Currently, the gold prices are at around Rs 83,410 per 10 grams for 22-carat and Rs 90,990 per 10 grams for 24-carat, publicly available data showed.

The report added that the uncertainties arising due to the tariffs will ensure the investment-related demand for gold is in place.

Beginning on April 2, the Trump administration intends to implement reciprocal tariffs on trading partners as part of the “Fair and Reciprocal Plan”.

In India, the local gold prices rose by 4 per cent in the past month, reflecting the global market trend and an appreciation of 2 per cent in rupee terms against the US dollar.

“Going forward, local gold prices are expected to trade with an upside bias in the INR 87,000 per ten grams to Rs 90,000 per ten grams range in 1H2025 and moving to the Rs 94,000 per ten grams to the Rs 96,000 per ten grams range in 2H2025,” the report added.

The report anticipated that the gold prices in the global markets will be in the range of USD 3200 per ounce to USD 3400 per ounce level by December 2025.

Additionally, the US Federal Reserve‘s potential decision to lower interest rates in 2025 and 2026 could make gold more attractive, as lower US yields may support gold demand, the report added.

Central banks may also continue to diversify their reserves by holding more gold, which could keep prices steady for the long term, as per the report.

“Elevated levels of gold prices appear to be weighing on jewellery demand, which worked to pull gold imports to their lowest level in the past 11 months, at USD 2.3bn, reflecting a 14 per cent MoM decline and a 63 per cent YoY decline.

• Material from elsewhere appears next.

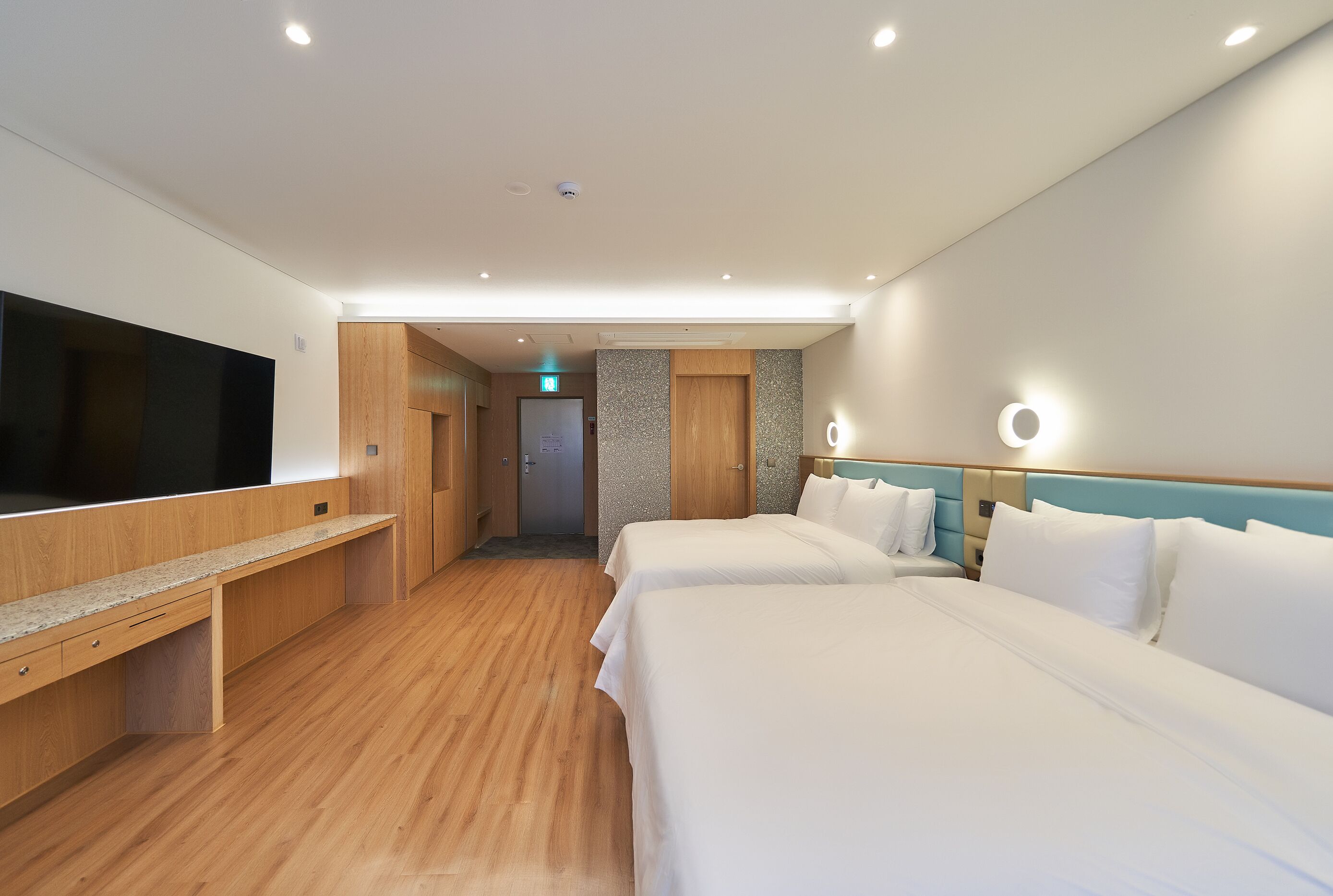 Habitación de hotel con dos camas, televisión, escritorio y baño visible a través de una puerta.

Demand should pick up, responding to the festive related seasonal demand that tends to take place,” the report added.

However, gold fund flows into local ETFs still remain fairly robust, as the World Gold Council (WGC) has reported. Gold ETFs recorded inflows to the tune of Rs 19.8bn in February 2025 that were above the average net inflow of Rs 14.8bn recorded in the preceding nine months.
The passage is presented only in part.